I came across a post on seroundtable today that got me thinking. Apparently a WebmasterWorld thread was discussing whether PPC bidding wars are still as common as they once were. Over the past year and a half (particularly) Google has made it harder to rank first based on bid alone, introducing a variety of quality score concerns as determining factors for position ranking. The article I came across today polled readers to find out how often—if at all—they still participated in PPC bid wars.
I’ll be very interested in those results.
But either way, the issue sent me on one of those internal debates us PPC-ers love to participate in. I’ve always argued against bid war management styles, mainly because I believe too often PPC marketers shoot themselves in the foot with such tactics. When two people wake up everyday (or bid every few hours) with the sole purpose of outranking a competitor, they are raising the expectation of spend for everyone else.
Those two advertisers are letting Google know that word is worth more, and alas, overtime, our minimum bids increase across the board.
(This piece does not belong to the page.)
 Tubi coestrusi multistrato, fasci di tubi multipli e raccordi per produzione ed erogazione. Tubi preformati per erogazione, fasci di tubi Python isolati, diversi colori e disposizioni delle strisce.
It’s like getting a bunch of advertisers in a room and having everyone start smacking each other. It really is quite silly.
So here I was today, reading that article up on my high horse when it dawned on me—how is that different from branding budgets? I have definitely participated in branding buys before for both companies and clients. (For those who are new to the PPC chaos—branding budgets are when a client or boss tells you that you have “X” amount of money, and rather than focus on a set conversion return, your primary goal is to gain share of voice a.k.a. be on the top…all the time.) For the record, I think most people would agree that branding budgets are a lot less common than they used to be.
These days we have so many different tiers of conversions and levels of success to use when quantifying a campaign’s performance, it seems a bit reckless to ever just spend to rank. But it stills exist–position bidding not just as a setting but as an overarching approach still exists, and oftentimes with great success.
With all of that said, I have to admit for a girl that has always preached against bidding wars, I have always been a fan of branding budgets. Alas, I guess that is why they say “the devil is in the details.” I definitely look forward to hearing the results from the poll mentioned above. What about you guys? Any of you still participating in bidding wars? What about branding budgets?